The shocking list was posted by four boys from Yarra Valley Grammar School in Melbourne onto the platform Discord before it was discovered by the school in May.
The list featured photos of female students and ranked them from best to worst as “wifeys”, “cuties”, “mid”, “object”, “get out” and “unrapeable”.
Yarra Valley Grammar school captain Noah Cameron said he’d been shocked to learn his fellow students had published the list online.
“It was very confronting and shocking to see these attitudes that you hear about and are disgusting, and yet never ever think that they could come into a place where you exist and think is safe and respectful,” he told ABC’s Q&A on Monday.
Yarra Valley Grammar principal Mark Merry, who also appeared on the program, said that schools were at a “distinct disadvantage” at trying to monitor students’ online social media use without the support of government, parents and the community.
But he said banning online platforms for children and teens would be a step too far.
“I’m not a big ‘ban social media’ kind of guy,” Dr Merry told host Patricia Karvelas.
“I agree, (social media) is very useful, it does create connections, international connections, it does create fringe groups and so forth.
“I am not a fan of banning it, but beneath that is a very seedy underbelly. If we can see it in our context, be shocked by it, it can be happening anywhere.”
The boys responsible for the list have since either been expelled or disciplined.
SAFETY ISSUES “RIFE”
eSafety Commissioner Julie Inman Grant commended the school’s efforts in “taking action and taking a stand” in the wake of the scandal but warned that online safety issues remains “rife” throughout the community.
“This sounds strange for a regulator to say, but regulation alone is not going to help,” she told the audience.
“We have to bolster that with prevention on the front end, protection, but also proactive and systemic change.”

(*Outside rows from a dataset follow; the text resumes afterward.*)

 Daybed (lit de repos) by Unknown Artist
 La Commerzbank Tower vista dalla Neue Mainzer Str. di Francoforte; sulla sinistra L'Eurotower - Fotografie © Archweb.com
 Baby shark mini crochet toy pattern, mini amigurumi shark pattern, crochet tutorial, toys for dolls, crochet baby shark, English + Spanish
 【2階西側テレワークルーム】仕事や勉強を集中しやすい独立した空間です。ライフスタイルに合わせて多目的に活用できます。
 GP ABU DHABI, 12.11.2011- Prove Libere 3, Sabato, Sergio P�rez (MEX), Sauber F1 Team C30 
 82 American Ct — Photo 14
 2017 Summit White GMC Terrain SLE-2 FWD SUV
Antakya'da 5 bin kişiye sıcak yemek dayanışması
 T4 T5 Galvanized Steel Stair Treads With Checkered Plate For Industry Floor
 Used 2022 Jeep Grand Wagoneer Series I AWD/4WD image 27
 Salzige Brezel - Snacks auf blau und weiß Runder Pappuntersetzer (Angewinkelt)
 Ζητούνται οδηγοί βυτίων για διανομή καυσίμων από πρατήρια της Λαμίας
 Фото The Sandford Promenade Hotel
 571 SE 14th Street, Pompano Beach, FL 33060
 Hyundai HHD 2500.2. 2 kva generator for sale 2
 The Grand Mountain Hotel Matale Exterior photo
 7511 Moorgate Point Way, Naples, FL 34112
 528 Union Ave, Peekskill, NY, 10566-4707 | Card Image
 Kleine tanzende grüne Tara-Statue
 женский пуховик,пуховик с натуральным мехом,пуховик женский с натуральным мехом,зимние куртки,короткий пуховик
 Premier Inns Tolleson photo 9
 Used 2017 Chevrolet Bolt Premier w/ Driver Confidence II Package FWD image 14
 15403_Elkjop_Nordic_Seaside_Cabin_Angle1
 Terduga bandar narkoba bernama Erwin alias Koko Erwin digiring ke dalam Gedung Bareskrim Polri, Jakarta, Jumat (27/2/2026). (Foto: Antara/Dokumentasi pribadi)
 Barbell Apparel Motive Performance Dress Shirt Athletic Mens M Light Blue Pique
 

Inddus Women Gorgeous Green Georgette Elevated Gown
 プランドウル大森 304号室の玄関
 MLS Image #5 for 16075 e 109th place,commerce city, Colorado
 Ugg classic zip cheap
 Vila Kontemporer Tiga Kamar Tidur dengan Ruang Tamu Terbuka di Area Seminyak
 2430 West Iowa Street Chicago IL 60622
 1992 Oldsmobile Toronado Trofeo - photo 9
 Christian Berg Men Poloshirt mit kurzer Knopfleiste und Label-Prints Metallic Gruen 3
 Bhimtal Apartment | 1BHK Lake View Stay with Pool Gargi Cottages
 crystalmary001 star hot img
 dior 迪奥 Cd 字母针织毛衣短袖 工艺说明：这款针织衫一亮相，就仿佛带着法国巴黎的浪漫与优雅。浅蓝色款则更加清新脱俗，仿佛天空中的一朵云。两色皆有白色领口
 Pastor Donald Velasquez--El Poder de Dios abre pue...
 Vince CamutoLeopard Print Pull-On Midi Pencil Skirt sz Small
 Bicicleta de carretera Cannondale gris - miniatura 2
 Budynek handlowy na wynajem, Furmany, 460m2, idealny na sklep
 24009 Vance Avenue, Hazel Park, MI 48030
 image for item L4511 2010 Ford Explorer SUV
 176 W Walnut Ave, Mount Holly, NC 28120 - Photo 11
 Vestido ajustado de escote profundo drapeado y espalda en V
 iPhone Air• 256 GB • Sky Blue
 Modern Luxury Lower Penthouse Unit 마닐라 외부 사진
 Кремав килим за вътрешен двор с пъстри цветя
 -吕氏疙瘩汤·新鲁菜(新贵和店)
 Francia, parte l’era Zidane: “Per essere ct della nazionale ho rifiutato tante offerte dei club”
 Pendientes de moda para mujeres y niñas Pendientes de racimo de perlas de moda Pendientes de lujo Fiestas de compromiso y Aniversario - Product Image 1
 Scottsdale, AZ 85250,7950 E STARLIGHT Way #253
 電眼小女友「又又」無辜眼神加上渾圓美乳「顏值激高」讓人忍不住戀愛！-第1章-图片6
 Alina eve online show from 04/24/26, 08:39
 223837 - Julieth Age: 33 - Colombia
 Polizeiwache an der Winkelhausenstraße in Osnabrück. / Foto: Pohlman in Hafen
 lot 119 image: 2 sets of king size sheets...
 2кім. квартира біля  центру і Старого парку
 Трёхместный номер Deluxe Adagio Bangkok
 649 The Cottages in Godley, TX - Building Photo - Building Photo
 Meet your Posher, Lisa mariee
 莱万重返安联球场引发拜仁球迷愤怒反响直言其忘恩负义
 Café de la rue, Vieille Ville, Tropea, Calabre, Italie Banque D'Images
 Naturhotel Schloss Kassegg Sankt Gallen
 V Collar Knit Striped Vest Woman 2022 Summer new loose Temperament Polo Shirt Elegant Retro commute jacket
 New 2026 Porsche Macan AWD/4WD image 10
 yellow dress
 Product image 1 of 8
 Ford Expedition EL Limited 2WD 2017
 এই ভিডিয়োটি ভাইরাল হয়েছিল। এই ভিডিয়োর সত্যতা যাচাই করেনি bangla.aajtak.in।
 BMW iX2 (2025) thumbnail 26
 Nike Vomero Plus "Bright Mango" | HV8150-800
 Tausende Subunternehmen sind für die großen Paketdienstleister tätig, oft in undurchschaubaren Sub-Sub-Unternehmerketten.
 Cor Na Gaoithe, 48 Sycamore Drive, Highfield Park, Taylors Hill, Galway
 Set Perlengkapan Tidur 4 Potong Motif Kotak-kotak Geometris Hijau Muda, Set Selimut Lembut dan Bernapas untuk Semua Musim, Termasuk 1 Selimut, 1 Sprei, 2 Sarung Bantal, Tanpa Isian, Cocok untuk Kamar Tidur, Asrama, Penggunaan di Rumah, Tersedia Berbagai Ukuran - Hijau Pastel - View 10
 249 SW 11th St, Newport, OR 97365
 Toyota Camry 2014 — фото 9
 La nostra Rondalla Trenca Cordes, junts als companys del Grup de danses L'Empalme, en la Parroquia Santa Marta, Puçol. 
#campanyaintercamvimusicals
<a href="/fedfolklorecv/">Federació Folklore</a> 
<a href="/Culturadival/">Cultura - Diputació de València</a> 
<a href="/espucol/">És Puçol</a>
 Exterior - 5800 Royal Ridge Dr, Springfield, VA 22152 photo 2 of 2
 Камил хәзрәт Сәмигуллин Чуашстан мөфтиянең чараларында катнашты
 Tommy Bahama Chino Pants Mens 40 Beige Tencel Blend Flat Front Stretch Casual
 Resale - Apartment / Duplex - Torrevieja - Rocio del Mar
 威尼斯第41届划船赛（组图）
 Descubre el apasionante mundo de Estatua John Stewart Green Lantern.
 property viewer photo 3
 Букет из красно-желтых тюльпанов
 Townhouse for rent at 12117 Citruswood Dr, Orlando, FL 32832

Ms Inman Grant told the audience there needs to be anticipation in technology trends and how they can be weaponised.
She said suspending students for “a few days” isn’t teaching young people what to do and insists parents need to be the “front-lines” of defence.
Dr Merry told the panel he had continued to work with staff and students about online safety.
But he says there is more that needs to be done.
“It certainly taught me that there’s a lot of competing and conflicting (issues),” the school principal said.
“One is to support those who are targeted and that’s the main imperative. The other one is to try to have just outcomes for the offenders, for want of a better term.
“The other one is to manage lots of different ideas and opinions out there in the public domain. Believe me, everyone has an opinion.
“So, I found that a very simple and singular event can have lots of damage out there.
“These attitudes have always existed. It’s just that with social media, they are amplified and the potential damage that can caused is much greater.”
Ms Inman Grant said 94 per cent of four-year-old children have access to a digital device.
“So, which are talking to parents from zero to five, be kind, ask for help, make good choices,” she said.
“We need to build the respect, responsibility. Digital resilience but also critical reasoning and train teachers.”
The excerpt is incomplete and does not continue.